La mujer que había sido la Guerra se aferraba a las crines de «Guerrera» y apenas la yegua se quedó quieta Elspeth se inclinó por encima de su hombro y vomitó. Su estómago no estaba lo bastante lleno para permitirle el copioso vómito que necesitaba. Elspeth jadeó y tensó el cuerpo, intentando librarse de lo que la atormentaba.

—¡Eh! —Shirley se inclinó sobre la grupa de «Dama sombría» y dio unas preocupadas palmaditas en la espalda de su amiga—. ¿Te encuentras bien?

Elspeth se fue tranquilizando, jadeando y escupiendo con el cuerpo apoyado en el cuello de su yegua para recuperarse, y Shirley dejó que se tomara todo el tiempo necesario.

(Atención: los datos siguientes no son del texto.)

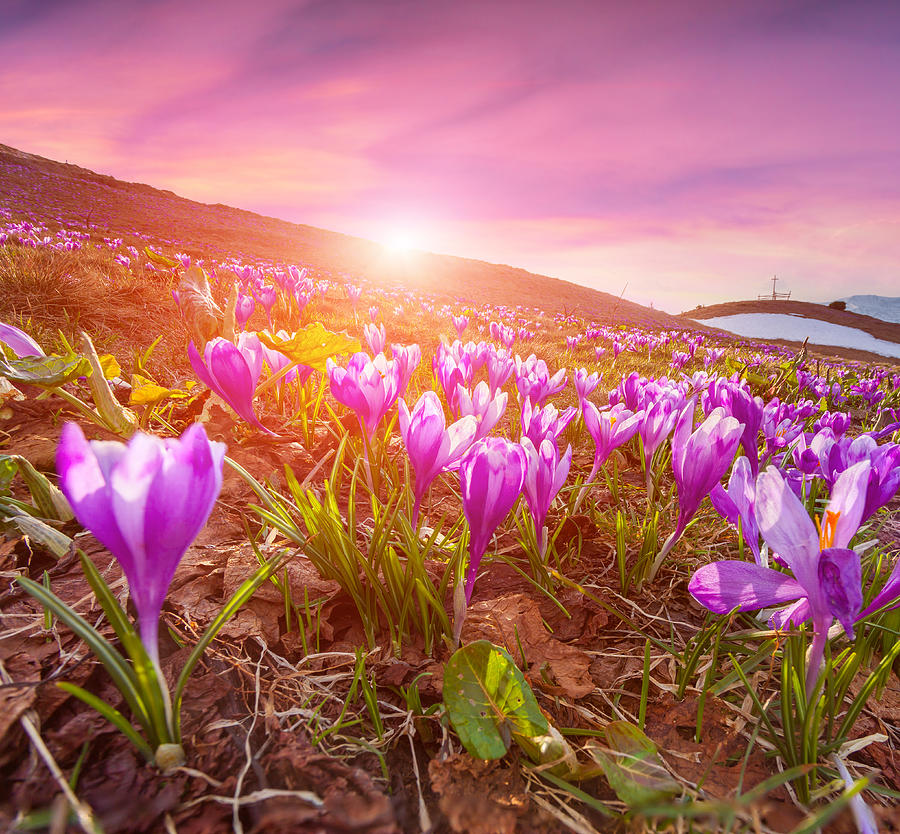 Colorful sunrise in the spring mountains Photograph by Andrew_Mayovskyy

Desde donde estaba podía ver el abismo que parecía una gran mina a cielo abierto, y a la bestia que seguía rondando junto a él como si buscara algo que comer. Mirarla hizo que Shirley recordara el terror y sintiera cómo un escalofrío le trepaba por la columna vertebral y acababa alojándose en su pecho, pero desde esa distancia la bestia parecía un insecto oscuro y desprovisto de todo rasgo distintivo entregado a una ciega búsqueda de alimento. La habían dejado muy atrás.

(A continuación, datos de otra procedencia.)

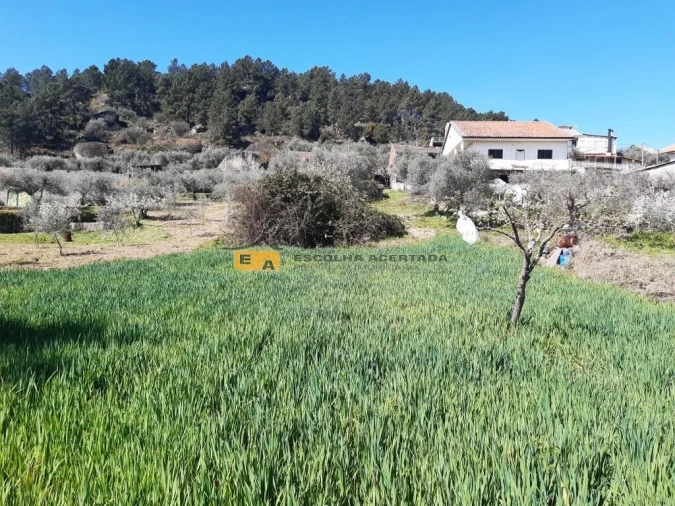 Moradia T3 para Venda em São Pedro Velho Foto 23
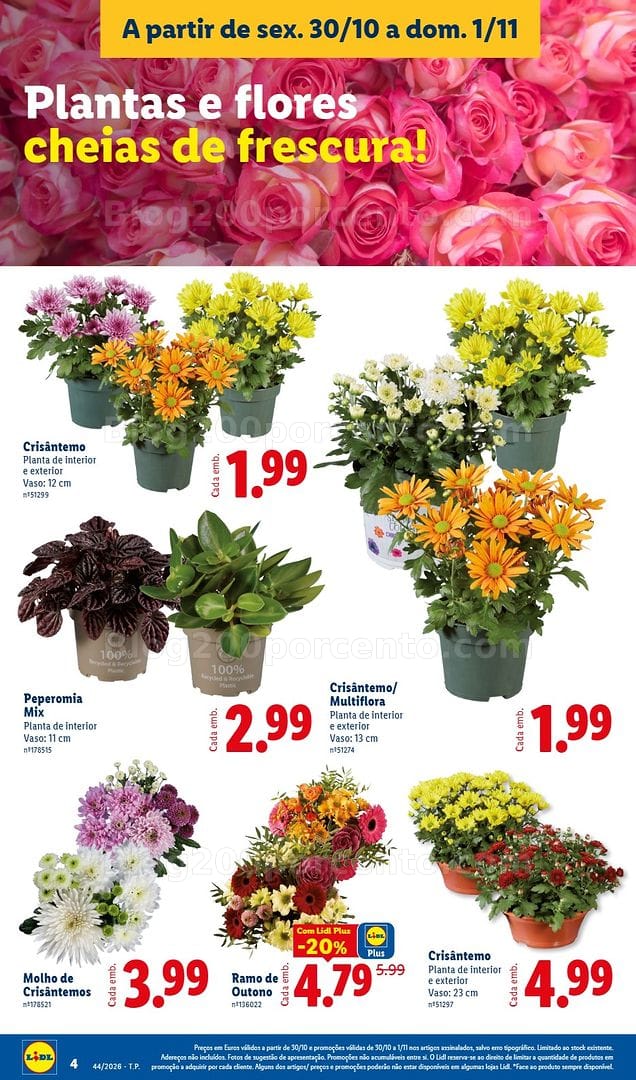 Antevisão Folheto LIDL Mercado de Plantas Fim de Semana Promoções de 30 outubro a 1 novembro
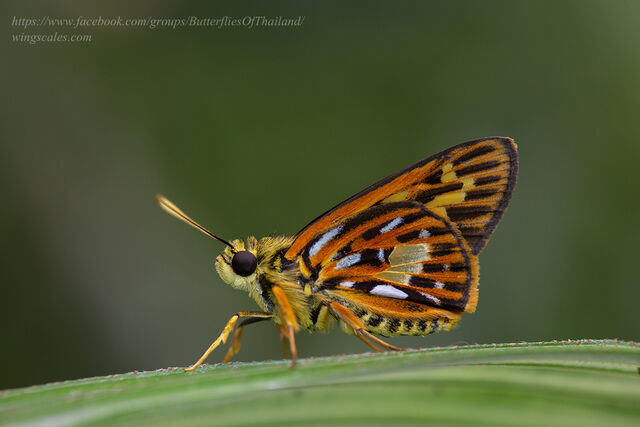 Pyroneura callineura natalia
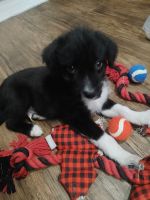 Australian Shepherd Puppies for sale in Denver, CO, USA. price: NA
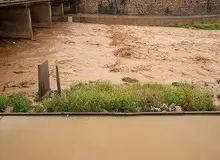 پایانه مسافربری حضرت علی ابن حمزه (ع) در شیراز تخلیه شد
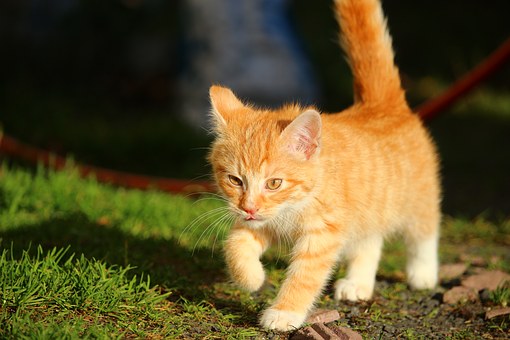 Why Pet Insurance Is An Investment Of Love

Elspeth se irguió poco a poco y con bastantes dificultades, frotándose la boca con la mano. No miró a Shirley, sino hacia Hoadley o lo poco que aún quedaba de él.

—Quería matarles a todos —dijo en voz baja y tensa—. Quería hacerles pedazos.

—¿En serio? —le preguntó Shirley con ternura.

—No hagas bromas con eso.

—¿Quién está bromeando? Si no quieres hablar de eso no tienes por qué hacerlo.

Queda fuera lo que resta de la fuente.